Les stalkers harceleurs sont possédés. Ils ignorent les limites et osent pourtant te donner des leçons de savoir-vivre quand tu finis par les saisir à la gorge. Ils sont incapables de comprendre que tu ne leur dois rien. Rien. Ni reconnaissance, ni amour, ni la moindre miette de ce qui t’appartient. Ils sont allés trop loin, bien trop loin. Le monde ne tourne pas autour d’eux et “non” veut dire non. Il n’y a ni fusion, ni association possible, ni ressemblance, ni concurrence. Ils ont perdu il y a longtemps, le jour où ils se sont transformés en glu insensée.

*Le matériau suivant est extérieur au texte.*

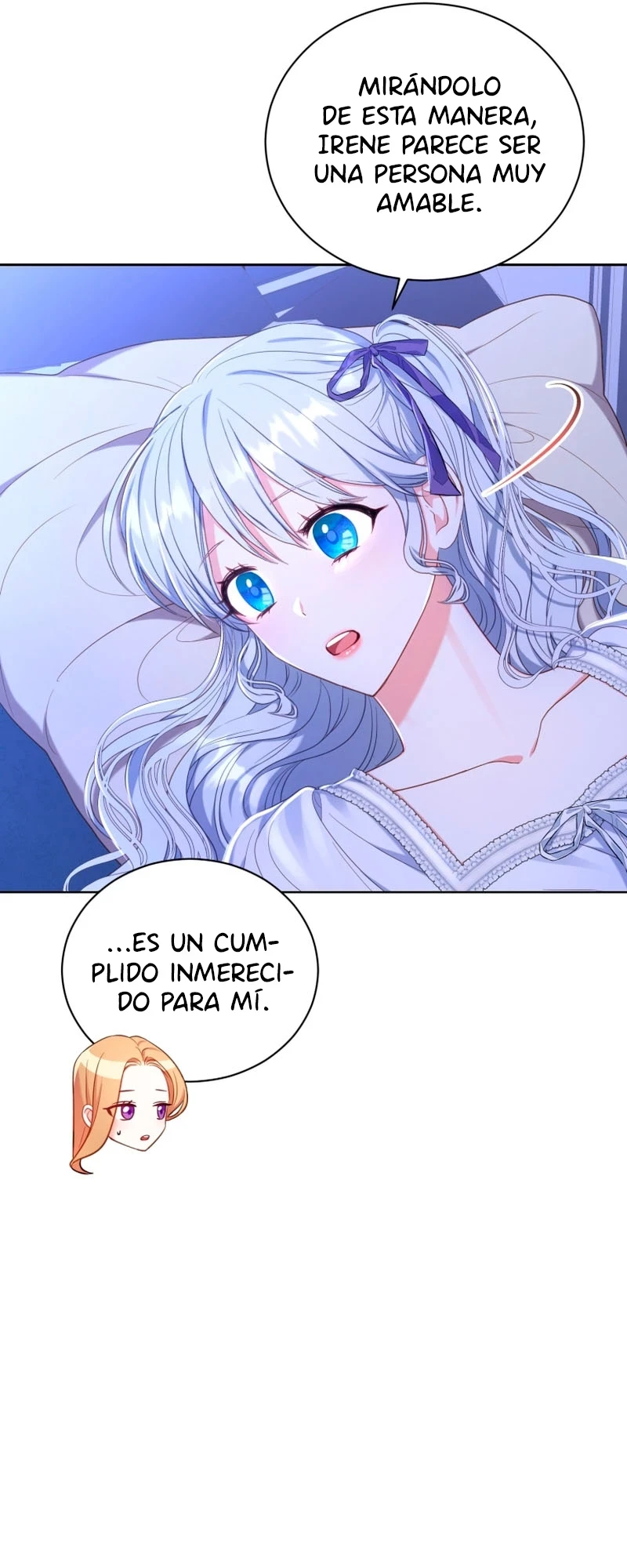 La criada quiere dejar el juego del harem inverso capítulo 13, página 23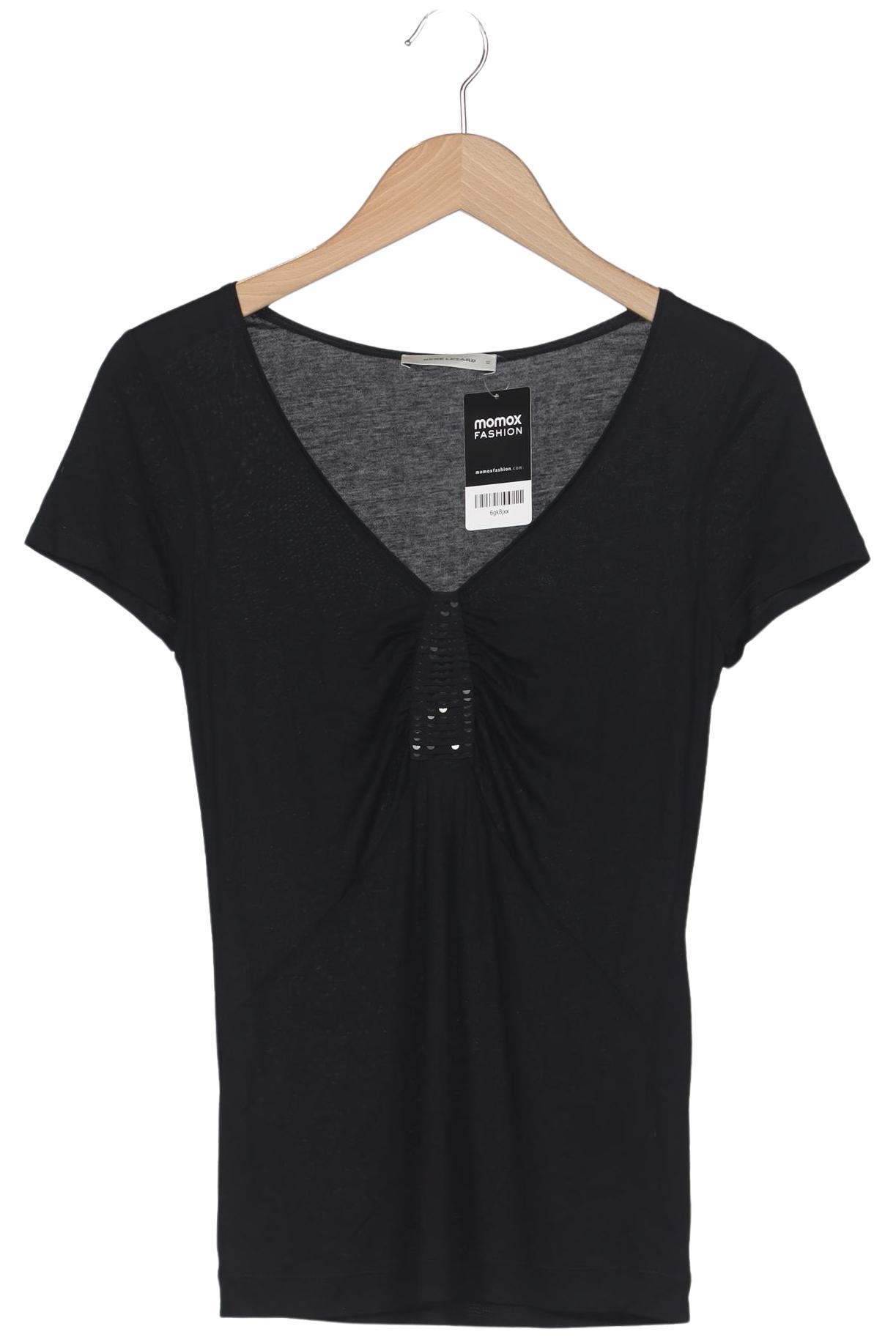 

Rene Lezard Damen T-Shirt, schwarz, Gr. 34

La créature veut ronger mes côtes et nicher dans la cavité où mon avenir doit croître, tiède, à l’abri, tout près de quelque chose de vivant.
Je marche dans la neige, je regarde ce beau filet blanc qui habite l’atmosphère, mais je ne ressens plus ce que je ressentais autrefois ici, la poésie de ce moment frêle se dérobe, et ces rêves d’une vie plus belle sur cette terre même se sont dissous il y a déjà longtemps. Depuis que la stalker harceleuse s’est greffée à moi comme la peste, tout doit tourner autour d’elle, ma vie, mes écrits, mon tout. C’est un cancer tenace, on extirpe les métastases et il repousse, plus laid, plus vorace. C’est le genre de créature qui lèche l’assiette qu’on a jetée à la poubelle et se plaint ensuite qu’on n’ait pas cuisiné pour deux. Elle vampirise la passion et le temps, elle ressasse son insuffisance et son vice prétendument caché.
Partons, me dis-je à chaque pas. Partons là où aucun déchet humain ne pourra fourrer son nez dans notre décor, construisons quelque chose de grand loin de cette sangsue collante qui tente encore d’étaler sa bave sur toutes les pages blanches de notre vie. Guérissons du poison. Et je sais, je sais trop bien que cette ombre viendra violemment de nouveau se poser sur ma réalité, parce qu’elle ne peut survivre que dans ma lumière. C’est le mal travesti en peau d’emprunt, une ombre démoniaque sans la moindre honte.